When we introduce a new data model, we also choose to make this model more understandable to our business users. A commonly recognized modelling technique is called dimensional modelling. A dimensional model lends itself nicely towards a pivot-table kind of reporting, which is much easier to work with in Online Analytical Processing (OLAP) scenarios.
We sometimes also call the EDW, the single version of the truth (this can be very difficult to achieve across an organisation).

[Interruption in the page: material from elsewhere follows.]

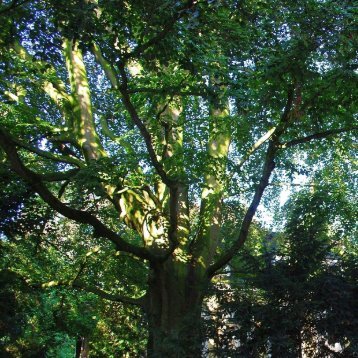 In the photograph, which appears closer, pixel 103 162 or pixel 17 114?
pixel 103 162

Data warehouse architecture version 4 – data marts for different reporting purposes
In phase three of the BI projects, Health Inc. wants to roll out the BI solution to the different hospitals and also to selected clinics within hospitals. As part of the roll out, some types of reporting needs to be changed going down in the organizational hierarchy, and some consideration must be taken in order for controlling the right level of data granularity for organizational units. Maybe the central administration needs only to see data aggregated to the hospital level, whereas clinics need to see their own data detailed, but aggregated for their peers. We could put all this business logic in the presentation tool. But then we also limit ourselves to one presentation type of visualization tool, maybe we would like to pick different visualization tools for different roles. An architectural solution to this is to establish a data mart layer (DM) in the data warehouse, and encapsulate all this logic in the mappings between the EDW and the DM layers:
One size fits all?
So, this is one possible architecture to use for your data warehouse project. Is it needed for every type of BI project out there? Probably not. If you just need stove-pipe reporting on your ERP system, go with a simpler architecture. Do we need to persist data in all these layers? No, not necessarily. You might use database views for objects in some layers, especially data marts can be implemented using views. It seems complicated, doesn’t it make my data warehouse/BI project overly complicated and expensive to use an architecture like this? No, not necessarily. You could use data warehouse automation tools/frameworks like Effektor or Biml to establish this architecture. More on data warehouse automation some other time.